神をあがめる気持ち 

アーラティーとはインドの寺院で日々おこなわれる人気の高い儀式である。それは神の崇拝の謎を具現化している。儀式の間、礼拝者はさまざまなものを神に捧げる。バガヴァッド・ギーターは、世界は八つの基本的な要素(地、水、火、気、空、そして微細なレベルでは心、知性、エゴ)から成り立っていると、またアーラティーの間捧げられるものはそれぞれ八つのうちのひとつを表わしていると説明している。アーラティーは至高の存在、すなわち創造者へ、すべての創造物の捧げものをすることを意味している。それは感謝の行為であり、神の意志と調和を取りたいという欲求の表現である。子供が親の用意した材料を使って両親のために料理を作るように、アーラティーは愛の報いである。

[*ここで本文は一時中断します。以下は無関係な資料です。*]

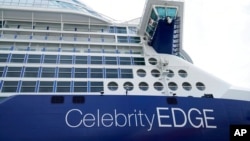 The Celebrity Edge is moored at Port Everglades, June 26, 2021, in Fort Lauderdale, Fla. Celebrity Edge is the first cruise ship to leave a U.S. port since the coronavirus pandemic brought the industry to a 15-month standstill. 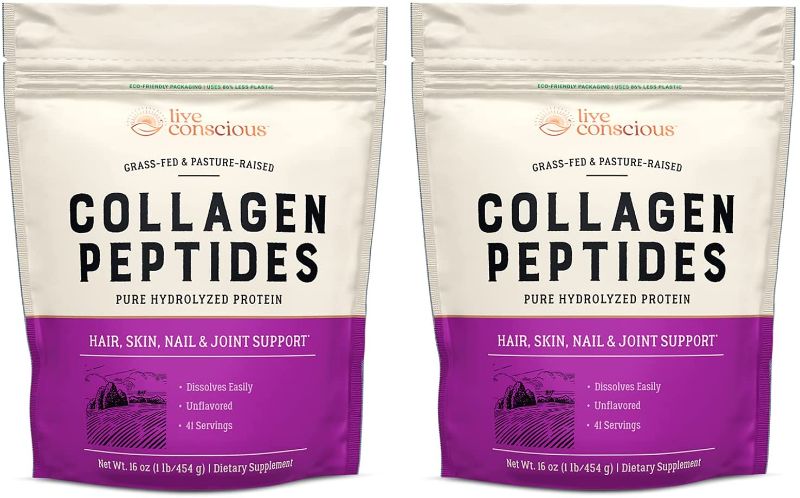 Photo 1 of Collagen Peptides Powder - Hair, Skin, Nail, and Joint Support - Type I & III Collagen - Naturally-Sourced Hydrolyzed Protein - 82 Servings - 32oz (2-Pack)
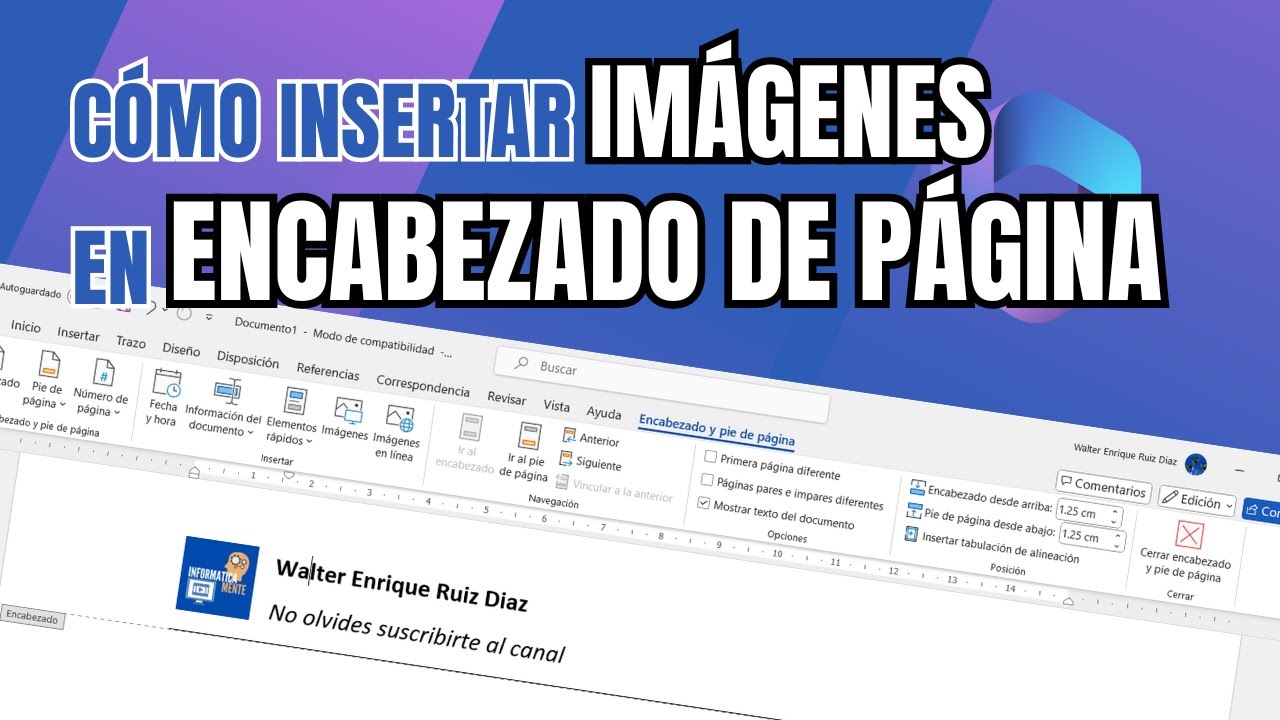 Como Insertar IMÁGENES en ENCABEZADO de Página de Word - YouTube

 礼拝者は神の前でお香を振ってアーラティーを始める。儀式のなかで、あとで花が捧げられる。これらお香と花は地を表わしていて、その特性は芳香である。そして法螺貝であることが多いが、小さな器は水満たされ、捧げられる。水の特性は味覚である。小さな(ロウソクの)炎は火を表わしているが、その特性は視覚である。孔雀の羽根やヤクの尾からこしらえられた扇は元素の気を表わし、その特性は触覚である。それぞれのものを持ち、礼拝者はマントラを唱える。そして規模にかかわらず、アーラティーがおこなわれる間、鈴が鳴らされる。空間を振動させるこれらの聖なる音は、空間の捧げものであり、その特性は聴覚である。アーラティーの知識として蓄積されるのは、心の捧げものであり、アーラティーに集中するのは知性の捧げものである。奉仕の気持ちによって捧げられるのはエゴ(自我)である。こうしてアーラティーはすべての感覚、すなわち視覚、嗅覚、聴覚、味覚、触覚と関わっている。そして神へ捧げものをすることによって、生きものは愛と感謝の念を持ち、創造物を元の創造者に捧げている。

 アーラティーは一般的に夜明けと夕暮れにおこなわれ、礼拝者の考え方はそのたびに変わっていく。世俗世界の思いは置いといて、礼拝者はいとしい至高者のいちずな追憶に奥深く入っていく。彼らの目は神の美しいかたちを見て、耳は鈴の音を聞き、アーラティーはしばしばキルタン、すなわち聖なる名前の歌を伴う。彼らの身体はメロディアスなキルタンによって揺れ動く。ひとたび心が世界の厳しさを置き去りにすると、少なくともわずかな間、彼らの魂はふたたびくつろぐことになる。

 もっとも親しい友人のひとり、オレゴンに生まれ育ったヤムナー・デーヴィを、わたしは真正なる聖人のような人物として尊敬している。若いときに彼女はグルへの奉仕に生涯を捧げることにした。彼女は心をクリシュナに捧げ、すべてに魂をこめ、奉仕に役立つすべての技術をマスターした。1969年、彼女はビートルズのジョージ・ハリソンと友人になった。ジョージはヤムナーに、その声なら当世のもっとも偉大な女性ヴォーカリストになれると請け負った。そして彼女の声をアップル・レコードは収録した。彼女が歌ったシングルはイングランドと世界のその他の地域でナンバーワンとなり、デビューにあたって愛するラダーやクリシュナに捧げた歌声を保存することに決めたのである。プラブパーダは彼女の歌を「純愛のシンフォニー」と呼んだ。

 彼女はまた名料理人としても知られるようになり、賞を取ったベジタリアンの料理本は世界でナンバーワン・ベストセラーとなった。彼女がおこなうすべてのこと、すなわち裁縫、カリグラフィー、ガーデニング、講話、それにとくにプジャは、信じ難いほどすばらしかった。

 彼女は家で一日何時間も費やして神々への聖なる供え物を作った。祭壇はすばらしかった。高価な物で満たすのでなく、愛がこもったものを細かく編んでこしらえたのだ。プジャと歌を通して彼女は家と自分自身をバクティで満たした。彼女と会い、プジャを目撃したすべての人は、聖職者であろうと無神論者であろうと、ヒッピーであろうとへルズエンジェルであろうと、ロックスターであろうと村人であろうと、祖父母であろうとティーンエイジャーであろうと、心の底から感銘を受けた。ヤムナーの性格、智慧、愛の偉大さ、神への献身の姿を見れば、疑いは解け、人生観が変わり、神の存在を認めざるを得なくなるだろう。彼女の姿を見たわたしも人生観を変えられたひとりである。